*** EXERCISE MATERIAL ***

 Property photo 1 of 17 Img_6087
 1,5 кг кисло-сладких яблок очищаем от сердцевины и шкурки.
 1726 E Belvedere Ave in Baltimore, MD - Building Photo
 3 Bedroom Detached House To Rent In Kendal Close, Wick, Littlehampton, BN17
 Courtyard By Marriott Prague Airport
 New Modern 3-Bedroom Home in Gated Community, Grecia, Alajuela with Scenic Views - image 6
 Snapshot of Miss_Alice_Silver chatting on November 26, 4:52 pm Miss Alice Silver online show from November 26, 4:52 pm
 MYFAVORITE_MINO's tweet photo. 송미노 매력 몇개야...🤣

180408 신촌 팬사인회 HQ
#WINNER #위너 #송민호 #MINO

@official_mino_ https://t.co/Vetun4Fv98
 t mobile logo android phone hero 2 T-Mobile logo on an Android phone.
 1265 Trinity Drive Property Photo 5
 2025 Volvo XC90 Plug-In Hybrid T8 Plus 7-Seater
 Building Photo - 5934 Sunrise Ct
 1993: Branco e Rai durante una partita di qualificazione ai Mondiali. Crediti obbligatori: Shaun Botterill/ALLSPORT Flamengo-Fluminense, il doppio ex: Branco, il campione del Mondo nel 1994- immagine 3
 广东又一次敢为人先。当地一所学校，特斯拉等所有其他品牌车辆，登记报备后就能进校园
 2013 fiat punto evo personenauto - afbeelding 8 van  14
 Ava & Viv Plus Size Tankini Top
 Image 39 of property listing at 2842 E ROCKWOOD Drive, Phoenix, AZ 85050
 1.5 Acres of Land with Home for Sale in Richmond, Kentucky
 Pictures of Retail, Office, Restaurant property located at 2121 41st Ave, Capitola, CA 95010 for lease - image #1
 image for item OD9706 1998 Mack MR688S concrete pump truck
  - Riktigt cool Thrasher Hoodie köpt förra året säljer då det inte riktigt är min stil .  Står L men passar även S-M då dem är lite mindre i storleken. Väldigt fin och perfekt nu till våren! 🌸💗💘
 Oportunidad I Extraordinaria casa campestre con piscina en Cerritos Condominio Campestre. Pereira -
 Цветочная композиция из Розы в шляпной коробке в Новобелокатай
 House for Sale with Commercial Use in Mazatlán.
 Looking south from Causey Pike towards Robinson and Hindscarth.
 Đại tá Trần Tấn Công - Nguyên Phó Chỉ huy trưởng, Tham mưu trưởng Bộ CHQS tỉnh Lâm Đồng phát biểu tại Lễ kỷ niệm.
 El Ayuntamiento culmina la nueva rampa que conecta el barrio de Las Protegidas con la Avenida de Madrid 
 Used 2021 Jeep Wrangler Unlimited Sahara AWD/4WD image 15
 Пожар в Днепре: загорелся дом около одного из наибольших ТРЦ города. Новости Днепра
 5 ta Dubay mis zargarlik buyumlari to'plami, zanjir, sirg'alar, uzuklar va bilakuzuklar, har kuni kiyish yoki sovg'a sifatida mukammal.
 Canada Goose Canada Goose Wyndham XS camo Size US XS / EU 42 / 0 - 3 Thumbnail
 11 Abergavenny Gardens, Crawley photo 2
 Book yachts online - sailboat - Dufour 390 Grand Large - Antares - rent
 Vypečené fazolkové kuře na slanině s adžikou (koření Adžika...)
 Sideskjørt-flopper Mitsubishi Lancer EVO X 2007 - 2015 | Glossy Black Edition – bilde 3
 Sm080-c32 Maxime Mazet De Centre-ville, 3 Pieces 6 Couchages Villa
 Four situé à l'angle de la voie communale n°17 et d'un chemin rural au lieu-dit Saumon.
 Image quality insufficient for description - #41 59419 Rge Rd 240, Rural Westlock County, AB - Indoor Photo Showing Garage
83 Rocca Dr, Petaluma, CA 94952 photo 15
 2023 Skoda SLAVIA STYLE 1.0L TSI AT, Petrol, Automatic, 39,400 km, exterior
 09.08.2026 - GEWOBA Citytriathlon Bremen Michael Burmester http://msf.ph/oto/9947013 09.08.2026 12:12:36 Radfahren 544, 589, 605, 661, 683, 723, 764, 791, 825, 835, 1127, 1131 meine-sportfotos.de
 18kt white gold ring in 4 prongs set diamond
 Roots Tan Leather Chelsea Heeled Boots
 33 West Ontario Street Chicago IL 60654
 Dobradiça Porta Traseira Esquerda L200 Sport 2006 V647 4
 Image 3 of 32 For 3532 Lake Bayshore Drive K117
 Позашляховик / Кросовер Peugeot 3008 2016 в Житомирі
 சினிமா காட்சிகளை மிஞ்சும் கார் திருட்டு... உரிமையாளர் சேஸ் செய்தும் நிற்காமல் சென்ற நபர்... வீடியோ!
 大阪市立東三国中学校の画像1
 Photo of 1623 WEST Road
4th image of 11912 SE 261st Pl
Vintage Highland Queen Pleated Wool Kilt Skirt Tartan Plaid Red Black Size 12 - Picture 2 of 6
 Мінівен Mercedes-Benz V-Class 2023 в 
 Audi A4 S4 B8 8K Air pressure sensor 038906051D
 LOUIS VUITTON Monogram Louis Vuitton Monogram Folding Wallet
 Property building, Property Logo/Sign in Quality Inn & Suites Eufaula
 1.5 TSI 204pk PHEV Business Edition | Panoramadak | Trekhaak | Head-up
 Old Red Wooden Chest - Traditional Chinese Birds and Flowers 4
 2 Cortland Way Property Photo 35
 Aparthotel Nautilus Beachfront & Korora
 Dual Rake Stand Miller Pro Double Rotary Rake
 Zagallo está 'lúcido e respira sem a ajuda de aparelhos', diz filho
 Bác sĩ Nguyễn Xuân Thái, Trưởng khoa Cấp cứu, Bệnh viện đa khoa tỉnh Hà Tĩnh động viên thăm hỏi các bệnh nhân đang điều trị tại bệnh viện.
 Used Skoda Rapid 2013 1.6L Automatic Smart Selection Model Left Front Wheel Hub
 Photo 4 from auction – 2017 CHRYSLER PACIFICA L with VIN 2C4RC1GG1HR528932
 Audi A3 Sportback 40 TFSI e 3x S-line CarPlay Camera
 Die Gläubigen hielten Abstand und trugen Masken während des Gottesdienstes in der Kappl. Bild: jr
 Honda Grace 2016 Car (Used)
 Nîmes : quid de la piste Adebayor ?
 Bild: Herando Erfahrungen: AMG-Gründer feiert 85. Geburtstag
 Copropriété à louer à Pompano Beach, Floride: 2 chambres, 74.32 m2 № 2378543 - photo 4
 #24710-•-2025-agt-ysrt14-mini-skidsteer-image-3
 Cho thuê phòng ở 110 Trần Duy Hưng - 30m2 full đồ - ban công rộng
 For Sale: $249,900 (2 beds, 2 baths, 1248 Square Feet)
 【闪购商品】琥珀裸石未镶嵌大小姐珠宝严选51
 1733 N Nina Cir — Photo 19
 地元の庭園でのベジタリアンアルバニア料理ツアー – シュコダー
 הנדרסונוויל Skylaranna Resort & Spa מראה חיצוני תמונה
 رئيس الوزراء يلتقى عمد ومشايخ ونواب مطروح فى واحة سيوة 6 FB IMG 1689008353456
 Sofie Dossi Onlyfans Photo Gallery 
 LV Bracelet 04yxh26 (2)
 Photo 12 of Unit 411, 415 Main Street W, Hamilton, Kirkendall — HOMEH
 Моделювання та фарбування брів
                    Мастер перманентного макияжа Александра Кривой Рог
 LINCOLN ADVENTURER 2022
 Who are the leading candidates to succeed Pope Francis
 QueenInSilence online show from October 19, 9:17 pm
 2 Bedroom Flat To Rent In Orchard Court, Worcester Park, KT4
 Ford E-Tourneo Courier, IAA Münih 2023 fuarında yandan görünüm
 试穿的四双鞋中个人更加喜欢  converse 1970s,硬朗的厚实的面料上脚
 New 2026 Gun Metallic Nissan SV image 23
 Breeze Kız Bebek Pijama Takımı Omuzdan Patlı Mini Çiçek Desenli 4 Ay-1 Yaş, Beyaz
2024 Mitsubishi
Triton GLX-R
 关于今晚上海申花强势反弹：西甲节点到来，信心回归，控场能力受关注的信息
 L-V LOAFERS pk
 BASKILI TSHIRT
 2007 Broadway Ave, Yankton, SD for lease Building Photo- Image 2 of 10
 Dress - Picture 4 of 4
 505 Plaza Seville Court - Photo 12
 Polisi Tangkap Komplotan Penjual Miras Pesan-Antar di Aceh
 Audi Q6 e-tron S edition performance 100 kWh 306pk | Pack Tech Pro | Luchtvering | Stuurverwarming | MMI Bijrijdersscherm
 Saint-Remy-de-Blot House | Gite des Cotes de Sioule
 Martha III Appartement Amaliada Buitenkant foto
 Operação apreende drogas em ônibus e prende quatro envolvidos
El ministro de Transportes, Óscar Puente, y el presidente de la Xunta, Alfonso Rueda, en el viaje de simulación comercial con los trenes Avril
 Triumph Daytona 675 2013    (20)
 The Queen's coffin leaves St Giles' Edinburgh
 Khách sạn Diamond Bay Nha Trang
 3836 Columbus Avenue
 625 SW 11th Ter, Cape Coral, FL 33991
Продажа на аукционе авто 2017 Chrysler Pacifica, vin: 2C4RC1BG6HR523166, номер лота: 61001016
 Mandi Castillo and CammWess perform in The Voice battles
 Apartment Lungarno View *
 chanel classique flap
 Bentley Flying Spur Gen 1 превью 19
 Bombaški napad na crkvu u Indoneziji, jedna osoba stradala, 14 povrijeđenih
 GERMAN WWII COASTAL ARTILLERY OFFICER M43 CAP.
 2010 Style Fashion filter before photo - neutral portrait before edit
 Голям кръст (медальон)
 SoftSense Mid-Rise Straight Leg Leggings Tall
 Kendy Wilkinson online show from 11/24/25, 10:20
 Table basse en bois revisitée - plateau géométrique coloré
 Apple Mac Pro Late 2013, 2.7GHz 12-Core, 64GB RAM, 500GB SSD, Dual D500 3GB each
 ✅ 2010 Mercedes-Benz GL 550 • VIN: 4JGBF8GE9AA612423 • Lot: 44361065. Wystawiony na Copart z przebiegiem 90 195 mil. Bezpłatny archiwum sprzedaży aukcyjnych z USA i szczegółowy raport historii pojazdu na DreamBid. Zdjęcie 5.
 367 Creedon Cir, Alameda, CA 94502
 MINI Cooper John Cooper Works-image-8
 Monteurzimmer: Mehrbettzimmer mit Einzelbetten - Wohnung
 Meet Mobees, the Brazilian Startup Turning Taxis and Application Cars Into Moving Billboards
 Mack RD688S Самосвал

*** End of EXERCISE MATERIAL ***

- [ABOUT THIS EXERCISE] Show the lines above with "tỉnh".

- [EXERCISE OUTPUT]
 Đại tá Trần Tấn Công - Nguyên Phó Chỉ huy trưởng, Tham mưu trưởng Bộ CHQS tỉnh Lâm Đồng phát biểu tại Lễ kỷ niệm.
 Bác sĩ Nguyễn Xuân Thái, Trưởng khoa Cấp cứu, Bệnh viện đa khoa tỉnh Hà Tĩnh động viên thăm hỏi các bệnh nhân đang điều trị tại bệnh viện.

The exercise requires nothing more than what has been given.